Required work - For the records that follow, please set down exactly the lines between the one holding "A First Rate" and the one holding "Seven of My Songs plus some others", inclusive, and only those.

Source data -

Content starts

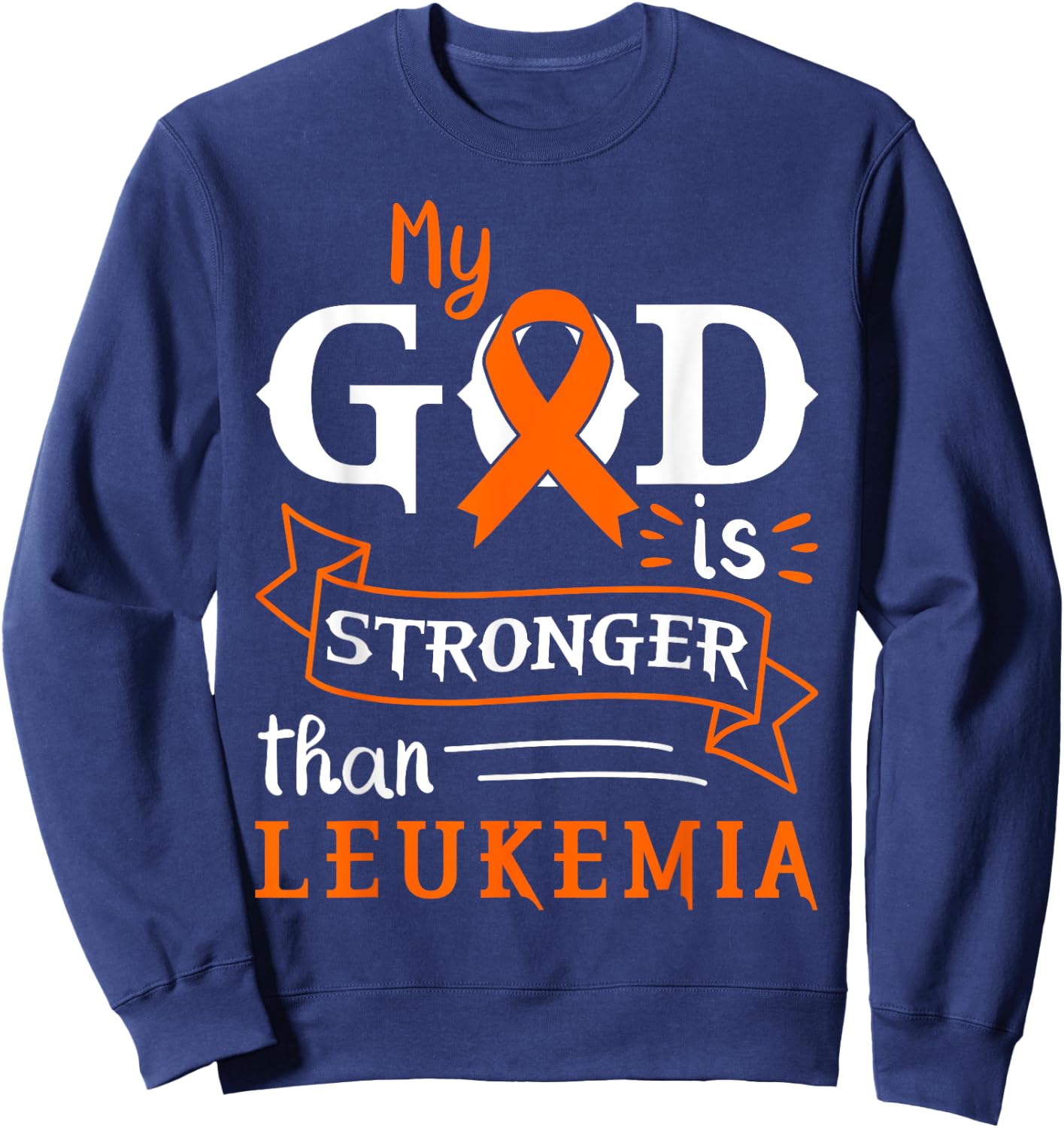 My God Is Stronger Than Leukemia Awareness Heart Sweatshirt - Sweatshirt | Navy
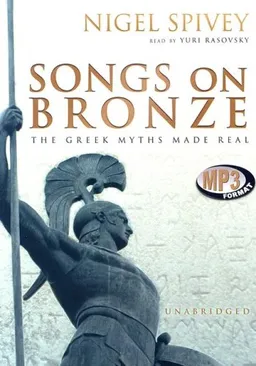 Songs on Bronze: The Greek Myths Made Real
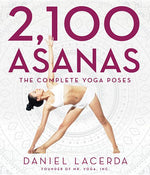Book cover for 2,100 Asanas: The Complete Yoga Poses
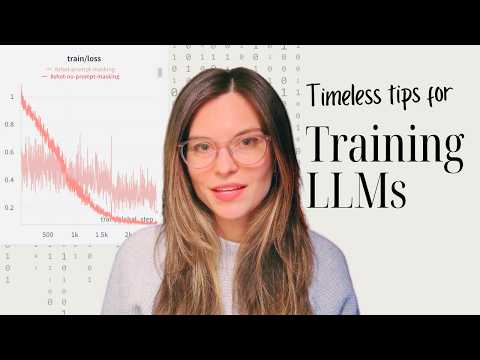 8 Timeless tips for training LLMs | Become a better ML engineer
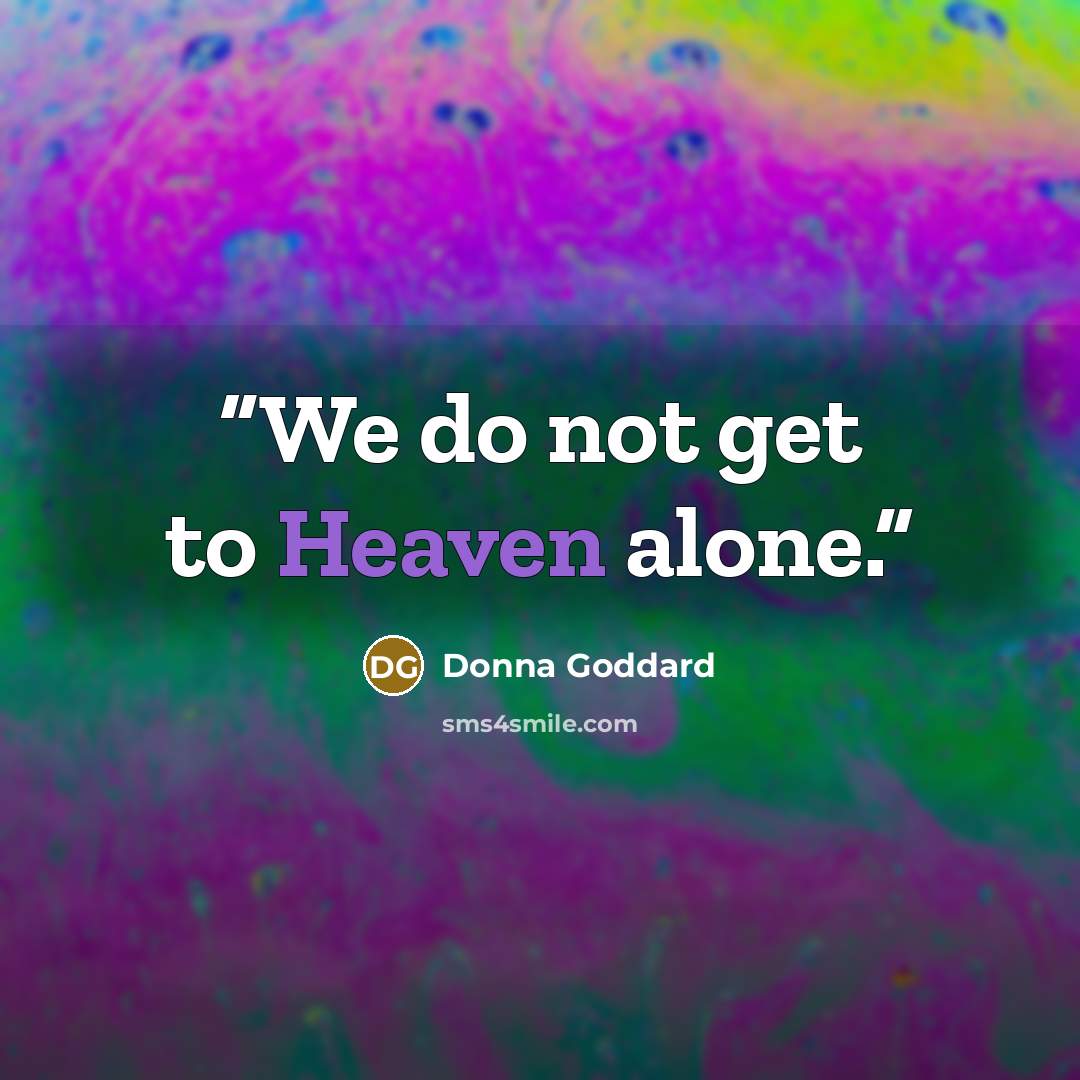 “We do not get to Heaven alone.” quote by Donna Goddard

Content ends
Content starts

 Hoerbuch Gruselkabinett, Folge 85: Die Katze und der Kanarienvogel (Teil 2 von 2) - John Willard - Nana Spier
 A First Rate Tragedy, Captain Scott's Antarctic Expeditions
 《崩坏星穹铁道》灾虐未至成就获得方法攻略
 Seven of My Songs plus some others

Content ends

Response to this task -
 A First Rate Tragedy, Captain Scott's Antarctic Expeditions
 《崩坏星穹铁道》灾虐未至成就获得方法攻略
 Seven of My Songs plus some others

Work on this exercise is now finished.